Declarative Web Actions Explained

March 8th, 2019
Last Update: March 8th, 2019

Alex Russell code><slightlyoff@google.com></code
Frances Berriman code><frances@fberriman.com></code

What’s all this then?

Declarative Web Actions (DWAs) are an extension to Web App Manifests that support in-app actions (e.g., menu and keyboard-driven commands) as well as external assistant-driven interactions with services.

DWAs build on the HTTP-centric pattern we contributed to the Web Share Target, adding a document-side set of events and interfaces to handle actions in-app.

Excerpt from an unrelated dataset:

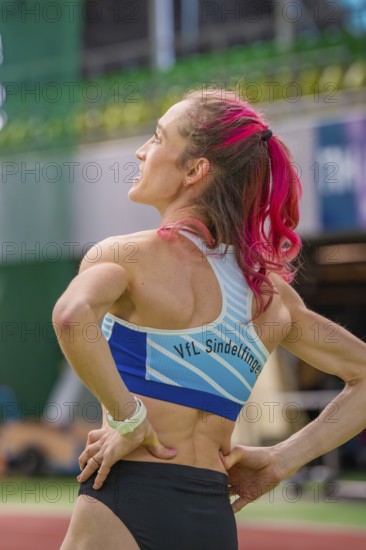 Sportswoman from behind in the stadium, sports outfit, pink hair tied in a braid, middle distance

These extensions seek to enable developers to surface more understanding about what's possible within applications to runtimes and crawlers. Deeper integration with assistive and a11y technology may result from broad DWA deployment.

Goals

Declarative Web Actions should enable:

The ability to represent in-document actions that are drive both by touch interactions as well as keyboard shortcuts (e.g. ctl-b for bold)
Assistant-driven hotword and action integration
A way to surface "long-press" and jumplist menu options
Runtime enabling/disabling of actions based on focus
Through the same basic interface, a way to allow a11y tools to drive applications

Non-goals

It is not a goal to:

Actions for non-PWA content
Faithfully absract over all existing conversational APIs
Manage application authentication or authorization
Handle localization in-format; we expect developers to serve alternative manifest files per locale or language

Key scenarios

PWA Menus & Keyboard Accelerators

Desktop PWAs are currently missing a way to provide system-integrated menus and keyboard accelerators. To improve this situation, we propose extensions to the Web App Manifest that all PWAs much include. As a refresher, web pages that wish to be installed must like to a manifest in the <head> of their documents, like this:

<link rel="manifest" href="https://github.com/slightlyoff/declarative_web_actions/blob/master/manifest.json">

Manifests must include a few properties to be treated as installable, e.g.:

{
  "name": "Frobulator Deluxe",
  "short_name": "Frobulator",
  "icons": [
     {
      "src": "/app/images/icons-512.png",
      "type": "image/png",
      "sizes": "512x512"
    }
  ],
  "start_url": "/app/?source=pwa",
  "background_color": "#3367D6",
  "display": "standalone",
  "scope": "/app/",
  "theme_color": "#3367D6",
  ...
}

To implement menuing, we add an actions section:

{
  "name": "Frobulator Deluxe",
  "short_name": "Frobulator",

  ...

  "actions": [
    {
      "name": "Start",
      "action": "/app/start",
    }
  ],
}

Each item, by default, invokes a navigation (HTTP GET) to the listed location in the action field. This may not be desireable, and so an event is dispatched within open documents in the PWA whose default behavior can be prevented:

window.addEventListener("action", (e) => {
  // Handle the interaction locally, do not navigate:
  e.preventDefault();
  // ...
  console.log(e.name);
  console.log(e.action);
  console.log(e.formData); // empty
});

Applications frequently want to map actions to user actions in a more generic way. Keyboard accelerators and menu options are mutliple routes for accessing the same functions, however they admit some per-platform diversity. Here's a sketch for how we might enable the same action to be accessible in both places.

{
  "name": "Frobulator Deluxe",
  "short_name": "Frobulator",

  ...

  "actions": [
    {
      "name": "Start",
      "action": "/app/start",
      "method": "GET",

      "keys": {
        "default": { // Shift-Ctrl-S
          "code": "S",
          "ctrlKey": true,
          "shiftKey": true, 
        },
        "macos": {   // Command-S on MacOS
          "code": "S",
          "metaKey": true,
        }
      }
    }
  ],
}

TODO(slightlyoff): describe HTTP response code semantics for success failure

TODO(slightlyoff): outline a DOM API for enabling/disabling items as well as an id concept.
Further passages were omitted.